Image via ESA - AOES Medialab
By 2016, we just might have space lasers measuring the carbon dioxide in the atmosphere, and telling us whether or not (or how quickly and for how long) we’re melting the planet.
The Advanced Space Carbon and Climate Observation of Planet Earth – or A-SCOPE for short – is one of six possible missions to be considered for a feasibility study, which could lead to a 2016 launch timeframe for the mission. The idea is to understand more about how carbon dioxide moves between atmosphere, land and ocean in order to improve how we calculate the impact the greenhouse gas has on the earth, and therefore improve estimates on what we can do about it. In order to accomplish this, the project aims to do something really interesting:
The proposed measuring technique involves two short laser pulses being emitted at two adjacent wavelengths. This results in carbon dioxide being absorbed at one of the wavelengths but not by the other, which serves as a reference. The comparison of the reflected signals from both wavelengths yields the total column concentration of carbon dioxide. This novel approach implies that the return signal depends on the reflectance properties of the area of ground illuminated by the laser.

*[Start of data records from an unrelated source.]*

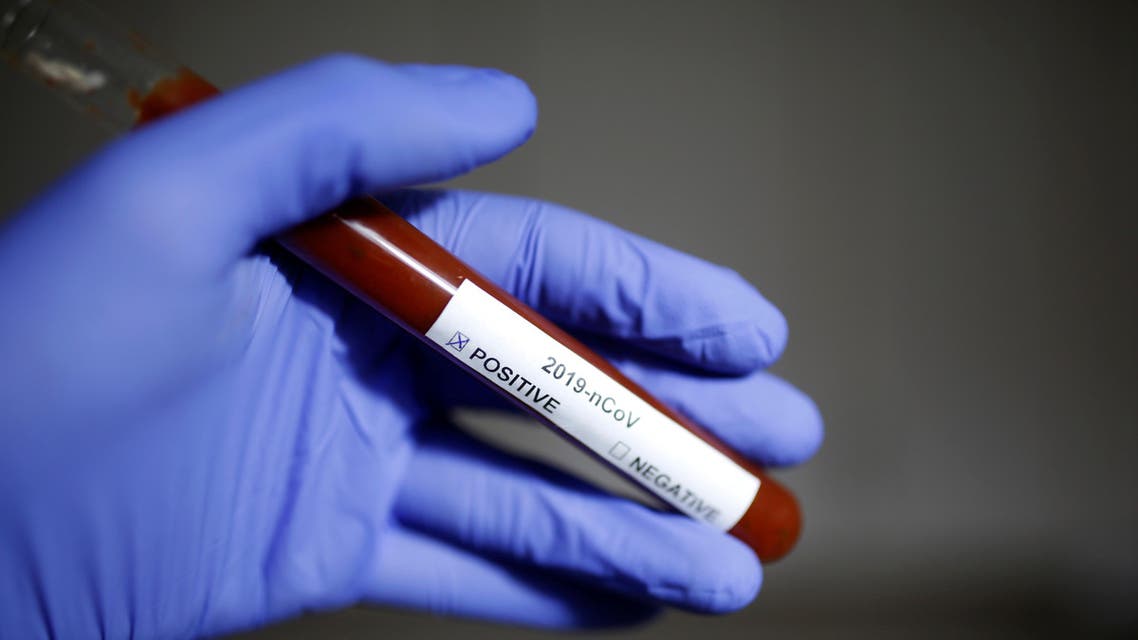 Test tube with Corona virus name label is seen in this illustration taken on January 29, 2020. (Reuters)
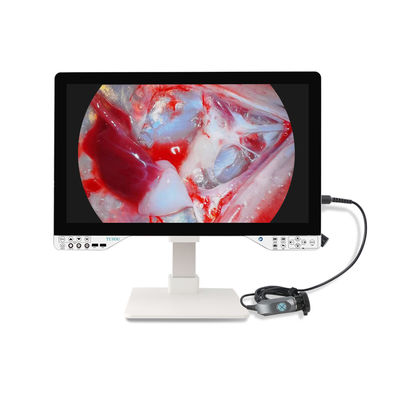 Innovatieve Full HD chirurgische endoscoopcamera met lichtbron en 27' monitor voor gynaecoloog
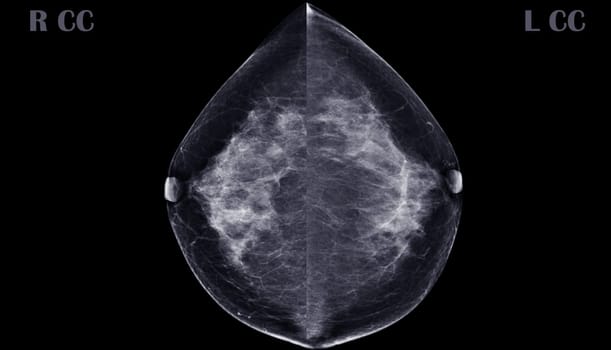 X-ray Digital Mammogram or mammography of both side breast CC view showing benign tumor BI-RADS 2 should be checked once a year.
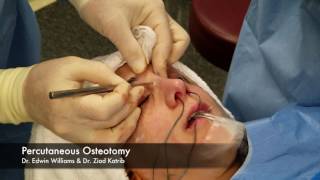 Percutaneous Osteotomy amp Breaking the Nose During Rhinoplasty Surgery [upl. by Siuqcram]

There is still a lot of footwork to do for this project, but if it is chosen, it could represent a very Star Trek way of analyzing carbon dioxide on earth - though it could be too little too late. The work they’re doing also is expected to help out scientists working on laser technology in general.
Other Earth Explorer future missions under consideration include BIOMASS - to take global measurements of forest biomass; CoReH2O - to make detailed observations of key snow, ice and water cycle characteristics; FLEX - to observe global photosynthesis through the measurement of fluorescence; PREMIER - to understand atmospheric processes linking trace gases, radiation, chemistry and climate; and TRAQ - to monitor air quality and long-range transport of air pollutants.